His parents, like their neighbours, were dirt poor.
The eldest of 11 children. He walked barefoot to national school in Mullanmore, and at the age of 12 left education and began working for a farmer in Tyrone. Aged 14, he left for Scotland to work as a tattie howker picking potatoes. All of these early experiences provided inspiration for his most powerful writings.
I kept mucking about on farms and other places working a day here and a week there earning a guinea clear in one job and spending it while looking for the next.
Patrick MacGill often spent days in search of work sleeping in hay sheds, barns and ditches. His memoir-novel 'Children of The Dead End' expresses an anger at the exploitation of his fellow workers and the stranglehold the church held over the Ireland he had left behind.
This year in Glenties, the local people witnessed a change in the attitude of the church to Patrick MacGill.

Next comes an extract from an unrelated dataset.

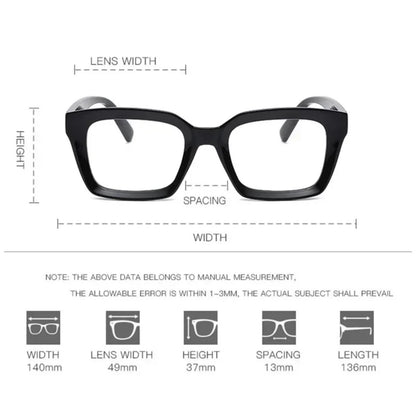 Plastic Titanium Bold Square Blue Light Reading Glasses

The MacGill Summer School was officially opened by the Bishop of Raphoe Dr Hegarty.
Mary Clare O'Donnell, a niece of Patrick MacGill, was at the ceremony and thought her uncle would chuckle at the thought of the bishop opening a festival in his honour.
Changed times from seventy years ago when they disapproved of him.
The MacGill Summer School, is a celebration of the work of Patrick MacGill. Joe Mulholland, director of the event, says that the festival wants to examine how the social and economic conditions influence The work of Patrick MacGill.
Joe Mulholland describes the writer as a man of his time and says his work is a great social document. Patrick MacGill called out landlordism, the native merchant class, and the church as the three main causes of economic and social inequality.
An RTÉ News report broadcast on 8 September 1983. The reporter is Tommie Gorman.